The Pieces Of Me

by GEM Magazine / Apr 21, 2015 / Comments

How does someone who pride themselves on being positive, giving motivation and encouragement to others, share the not so pleasant things that have happened to them?

That is the question I have pondered over many times since being asked to write this article. The truth is, there is no easy way to do this. I can't sugar coat the things from the past that have been inflicted. However, I can choose to continue on my path and not let my past define me but rather let it act as a mental “shove” to get up and leave it all in the ring, on my bike or on the road.

“Debbie, do you know why everyone hates you? It’s because you’re so goddam happy all the time.” This statement fell on my ears from a swim team member when I was 16. If she only knew, she might not be so quick to judge. My smile, my laughter, my good nature was my emotional armour.

I am a survivor of childhood sexual, emotional and physical abuse.

When I box, the little girl in me comes out. The child who radiated light, gave love and who cared but could not protect herself against the babysitter, the mother’s boyfriend or the family member. When I am gloved, she takes those moments, punching to fight back and gain control of her situation.

When I run, the 12 year old who finally told someone about her past comes out. She hits the pavement hard because that’s what she felt like doing when her disclosure fell on deaf ears and was denied, even though there had been witness to what had happened. She wanted to run away, now she just runs to feel the power of her stride.

When I push myself and fight back exhaustion at a bootcamp, that’s when the child in me who was mercifully teased through school comes to the surface. She gets sassy and finds the voice and strength she lacked to respond to the hurtful actions of others.

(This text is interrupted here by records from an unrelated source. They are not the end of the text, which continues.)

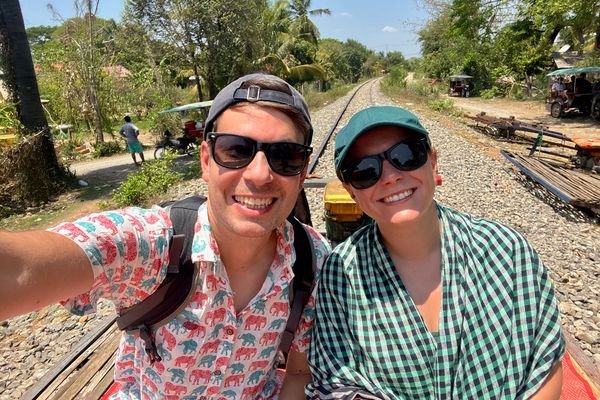 Matt and Jade take a selfie aboard the ‘Bamboo Railway’ in Cambodia, a simple petrol-powered cart on rails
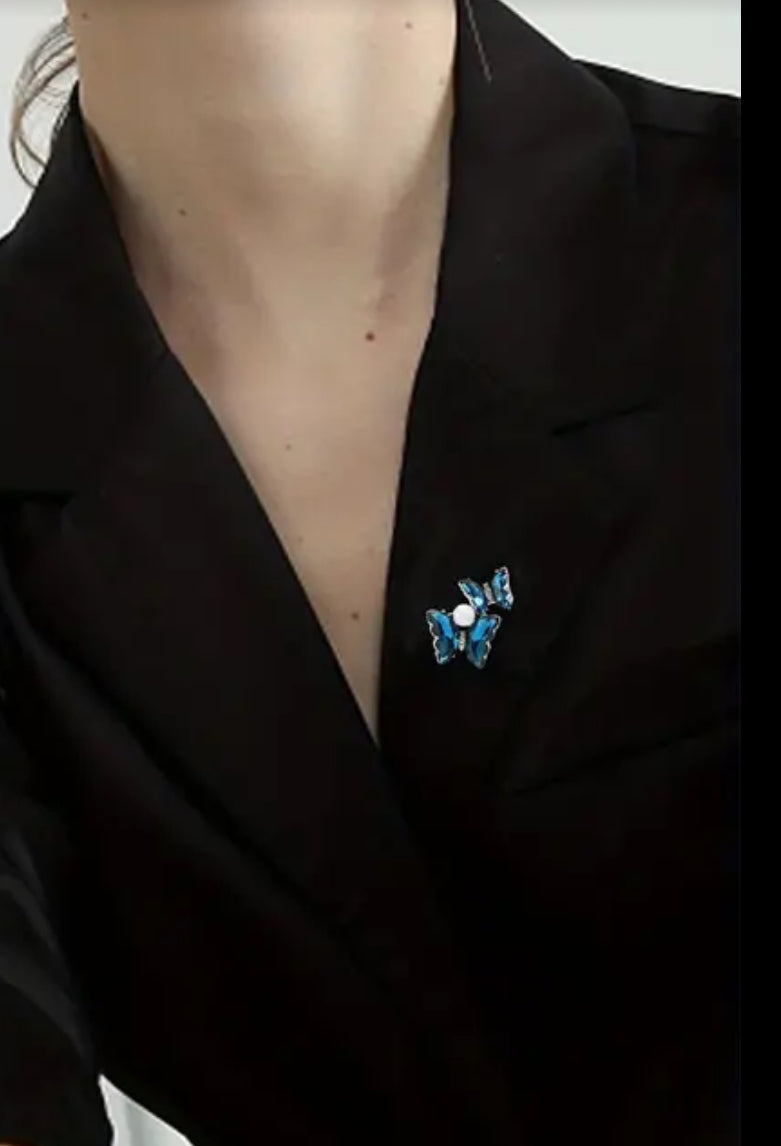 Broche papillons bleus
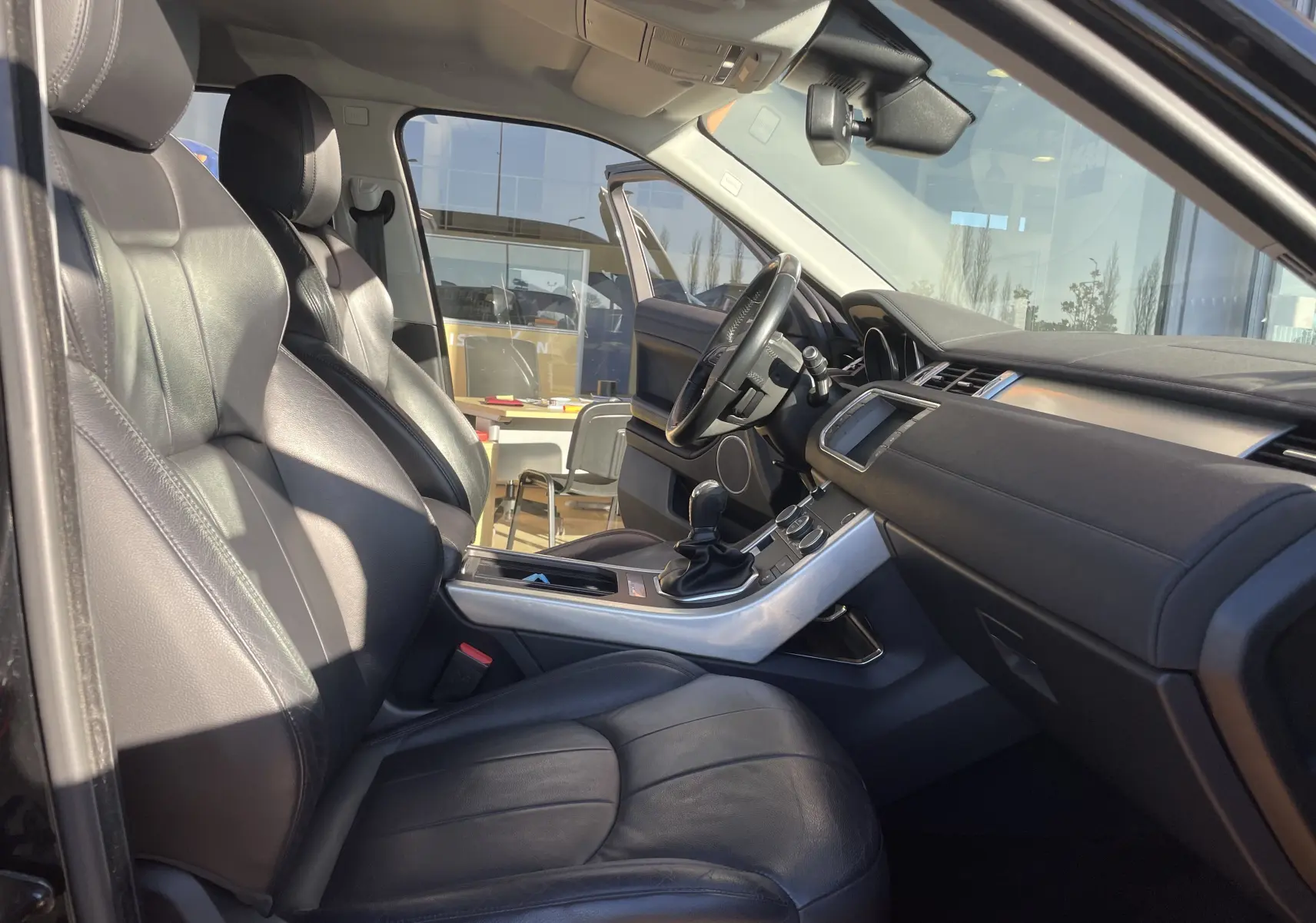 Intérieur noir cuir du Range Rover Evoque 2016, vue côté conducteur avec tableau de bord et levier de vitesses manuel.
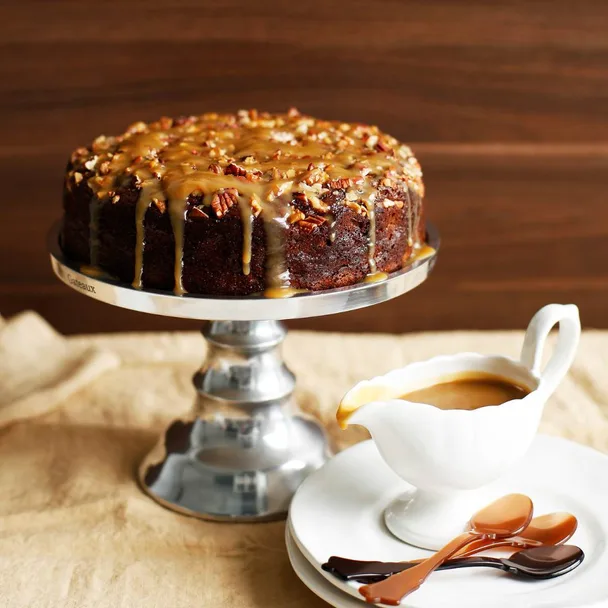 Sticky date pudding cake with caramel sauce on a cake stand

When I cycle and I feel the muscles in my legs rippling and the air fill my lungs, that is when the grown woman in me shows up. The woman whose ability to parent and protect her own children was questioned and exploited. The woman who chose to believe the hurtful insults being thrown at her rather than trust her intelligence and judgement.

The woman who chose to hide underneath the comforting layers of fat she'd let build up on her body to protect her and her heart. Now she lets her heart pound with exertion and adrenaline.

Who shows up during all of these things? Me. The person I have become. The woman who faces each and every day knowing that something she shares might help another person feel like they’re not alone. The woman who carries all of these different experiences within her and yet chooses to show up fighting everyday to be better, faster and stronger.

What drives me you ask? ALL the pieces of me.

By Debbie Stirling

Debbie currently resides In Victoria BC, works for the provincial government and suffers what she refers to as “fitness A.D.D”. Debbie is constantly striving to challenge herself in new ways and crush her limits. She would like to help motivate those around her who are in need of their own changes to stay on track and be successful in their journey.